Last year Mvona also expressed concern with women participation which saw only one making it to the final round.
"Almost half of the entries bear rural settings. This I believe is the dream of the organisers of the contest although I wish we had more women as men have always dominated," said the Mawu president.
Mvona also revealed that three judges namely Jonathan Thathwe Mbuna, Gertrude Kabwazi and Leona Chilemba will scrutinise the 41 entries to come out with the best 12 manuscripts.
"March, April and May will be time for the three judges to sift through the manuscripts to find the best 12 scripts. When this is done, the best 12 scripts will be transferred to another three judges which we will name later to select the best six manuscripts," explained Mvona.
With Mawu celebrating its 20th anniversary this year, Mvona said the prize presentation ceremony for the Peer Gynt Award will take place in September during the anniversary celebration.
"Let me take this opportunity to thank the Norwegian government for their continuous support to this lucrative literary Award. I would also like to thank the media for the support and publicity towards this contest," he said.
The winner this year is expected to walk away with K400,000 with the first and second runners up pocketing K250,000 and K150,000 respectively.
Mvona said history of story-telling in Malawi entails that after an evening communal meal many parents especially grandmothers used to gather children around a fire-place narrating their nostalgia stories of their heroic long travels seeking new settlement as well as folklore stories that talked highly of their culture and traditions.
He said with time, some of these great stories had been blended into songs sung at initiation ceremonies, harvest festivities, school drills commonly known as 'perete' as well as wedding ceremonies.
Mvona however, said unfortunately, none of these had been documented adding that some of "our great authors" such as Williams John Gwengwe have during their times tried to document some of the stories of the Sara and Timve episodes but these have not gone far enough.

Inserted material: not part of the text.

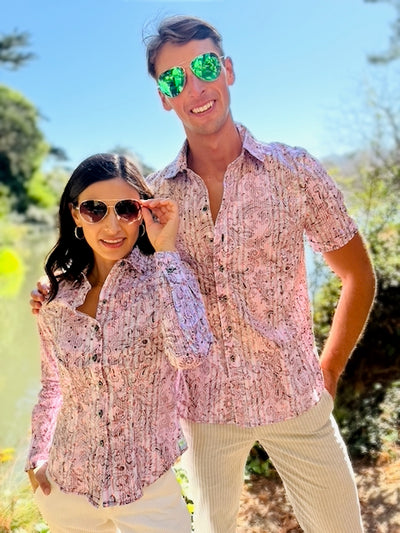 glittery pink blouse LS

He said the scarcity of such story books has attracted foreign materials that have polluted children with strange and foreign manners which talks volumes of "our cultural norms and practices."
"But as custodians of cultural and educational standards, Mawu believes that time has come when our old stories as well as folklore need to be given space to be documented in serious booklets so that our children should know where they are coming from and why they are called Malawians," said Mvona.
He then strongly condemned those who import foreign stories and plant them in the country's scenario and yet he noted these stories contain visible foreign cultures.
"We also urge those organisations that call themselves advocates of quality education not to narrow their focus at the mere infrastructure or the passing rate of pupils but to look at the bigger picture as to whether our children are learning enough of what will identify them as Malawians," he said.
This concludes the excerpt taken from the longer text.